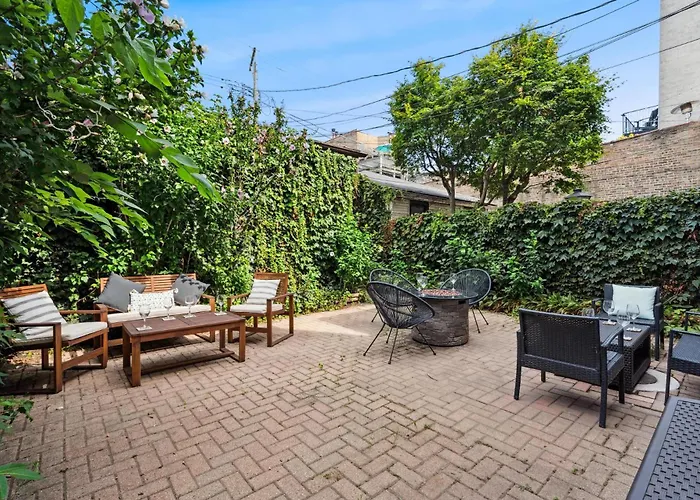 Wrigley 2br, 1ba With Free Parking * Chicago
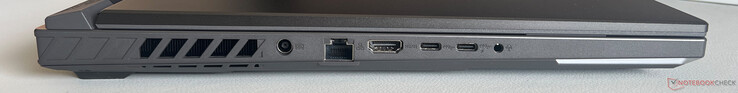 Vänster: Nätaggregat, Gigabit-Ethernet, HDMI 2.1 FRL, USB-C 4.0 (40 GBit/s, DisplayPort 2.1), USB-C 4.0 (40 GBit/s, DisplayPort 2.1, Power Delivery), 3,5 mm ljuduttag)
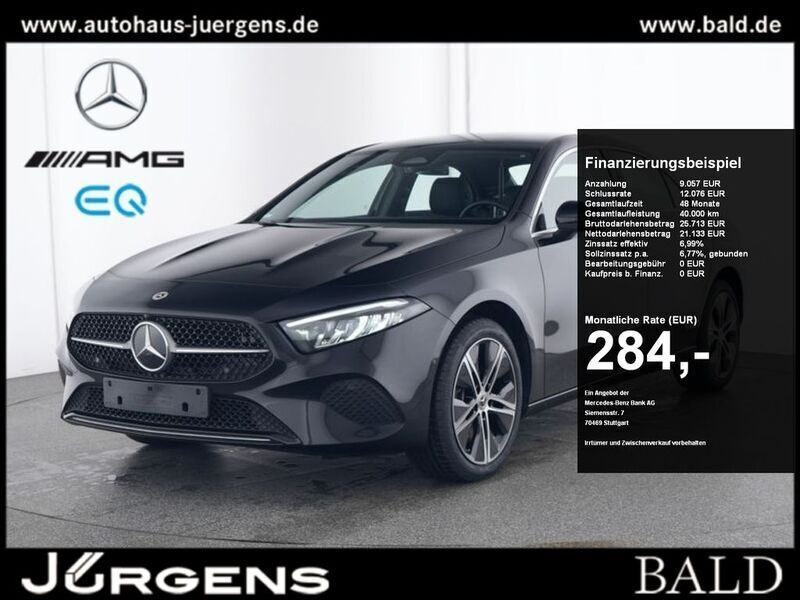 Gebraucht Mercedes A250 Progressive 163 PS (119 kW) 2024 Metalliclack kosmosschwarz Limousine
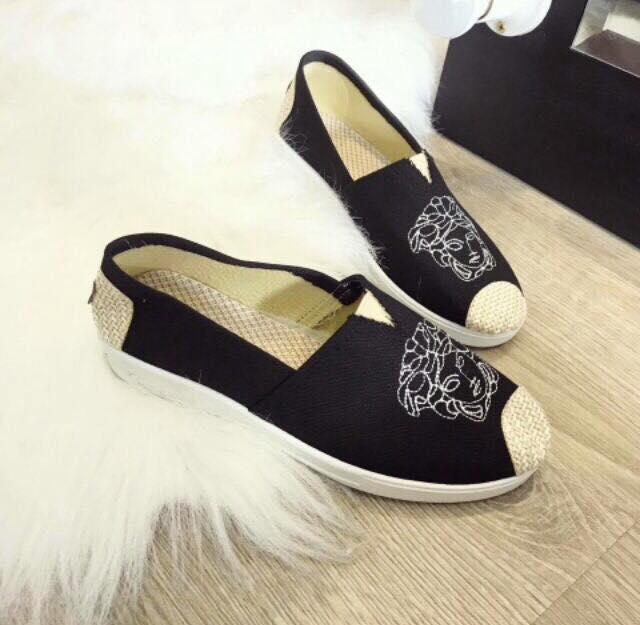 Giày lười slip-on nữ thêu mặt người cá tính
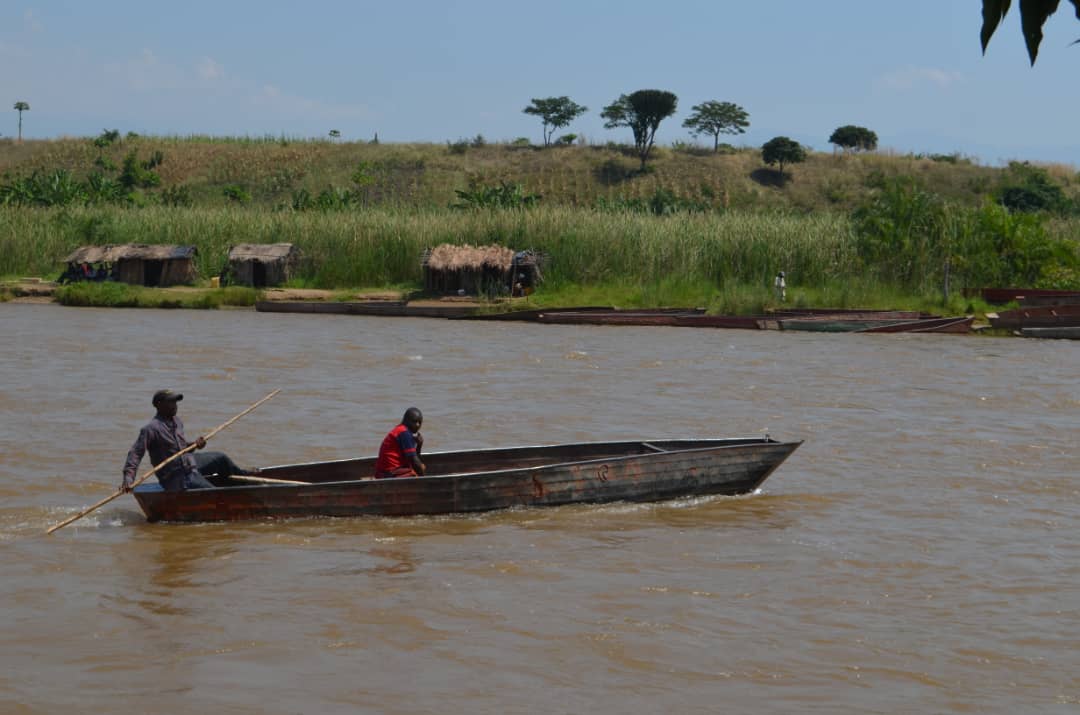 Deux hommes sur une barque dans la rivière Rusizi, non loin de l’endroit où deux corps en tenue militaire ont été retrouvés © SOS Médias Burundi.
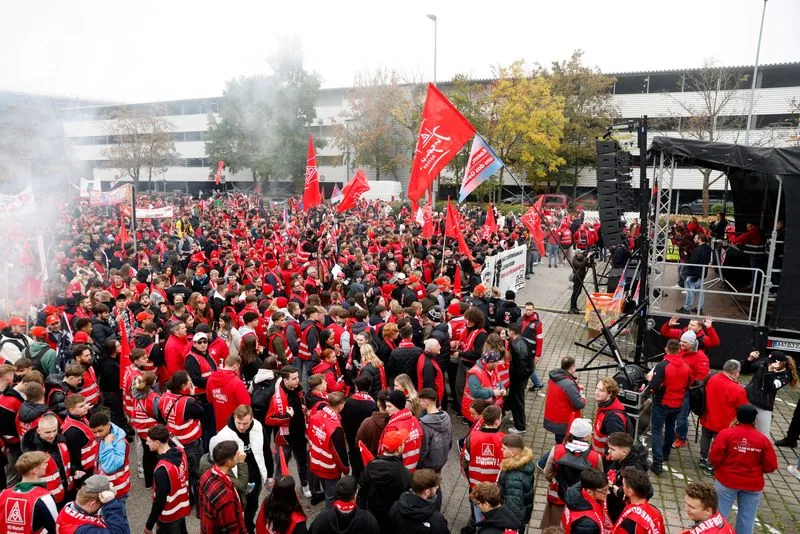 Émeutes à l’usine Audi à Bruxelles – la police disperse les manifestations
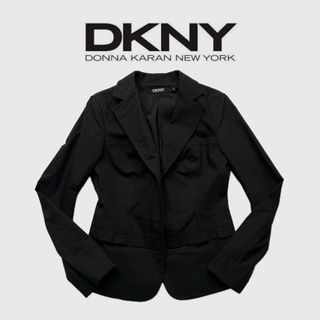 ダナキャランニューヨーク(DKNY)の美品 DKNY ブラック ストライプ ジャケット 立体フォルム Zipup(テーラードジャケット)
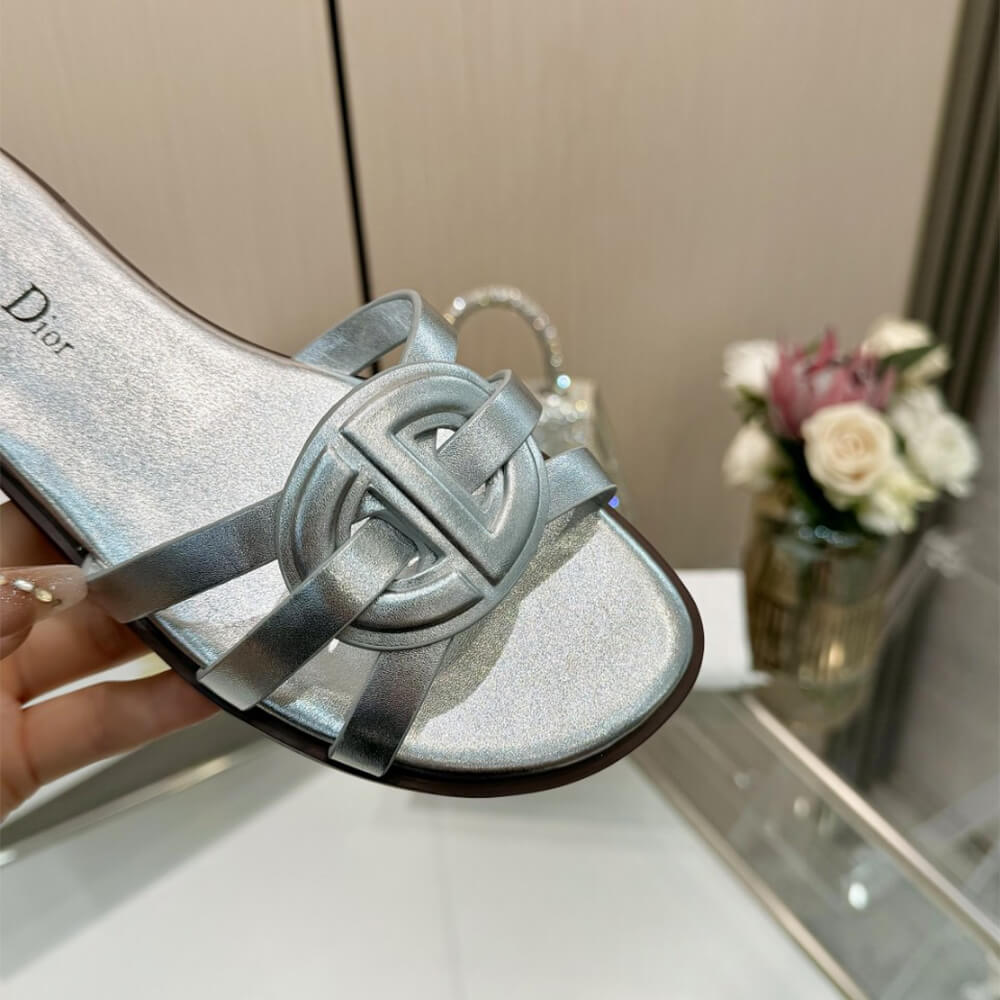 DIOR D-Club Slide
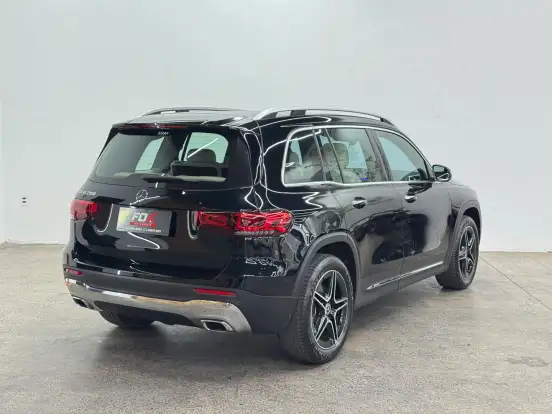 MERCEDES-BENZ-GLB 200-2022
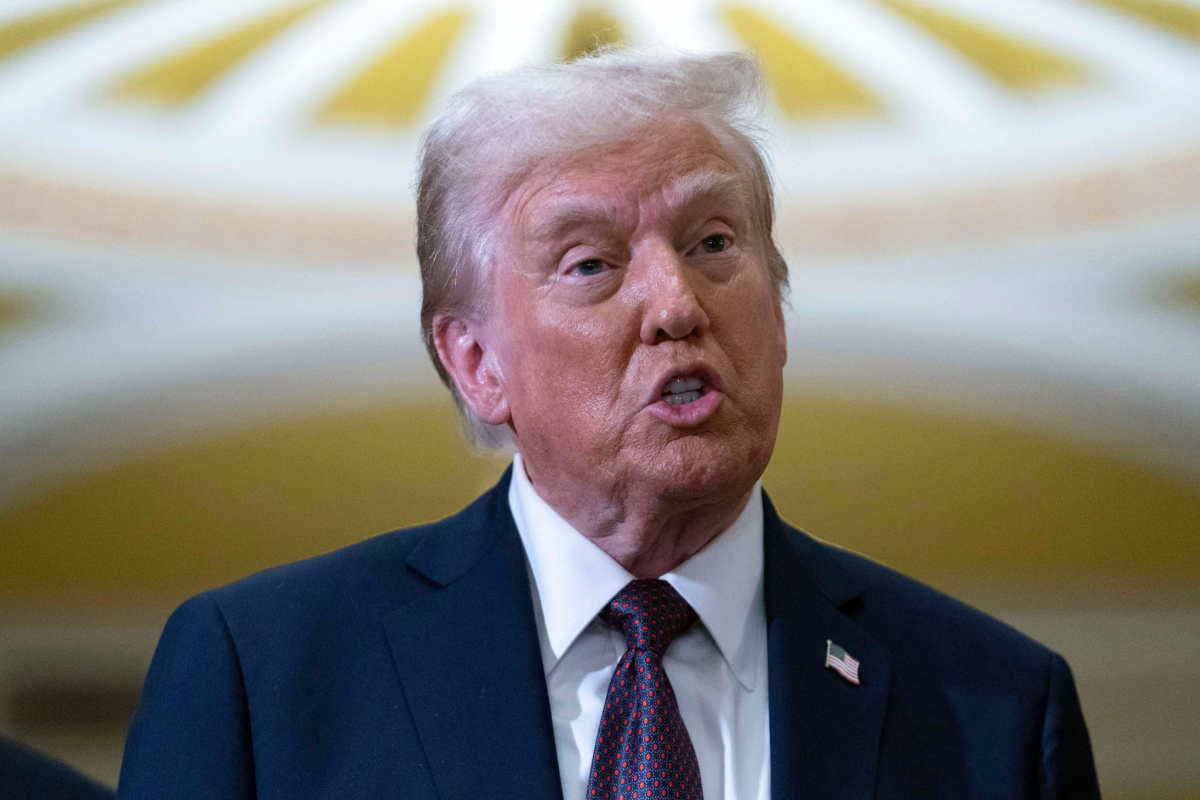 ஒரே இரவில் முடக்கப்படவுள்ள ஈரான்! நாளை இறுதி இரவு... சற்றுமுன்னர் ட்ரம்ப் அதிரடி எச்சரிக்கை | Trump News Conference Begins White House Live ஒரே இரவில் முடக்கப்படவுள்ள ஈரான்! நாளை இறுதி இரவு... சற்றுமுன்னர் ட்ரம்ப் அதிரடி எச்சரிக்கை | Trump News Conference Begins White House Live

=== WHAT THE TASK REQUIRES ===
Copy exactly the lines of the listing above between the one holding "Gebraucht Mercedes A250" and the one holding "Giày lười slip-on nữ thêu mặt người cá tính", inclusive; omit all pictures.

=== ANSWER TO THIS TASK ===
 Gebraucht Mercedes A250 Progressive 163 PS (119 kW) 2024 Metalliclack kosmosschwarz Limousine
 Giày lười slip-on nữ thêu mặt người cá tính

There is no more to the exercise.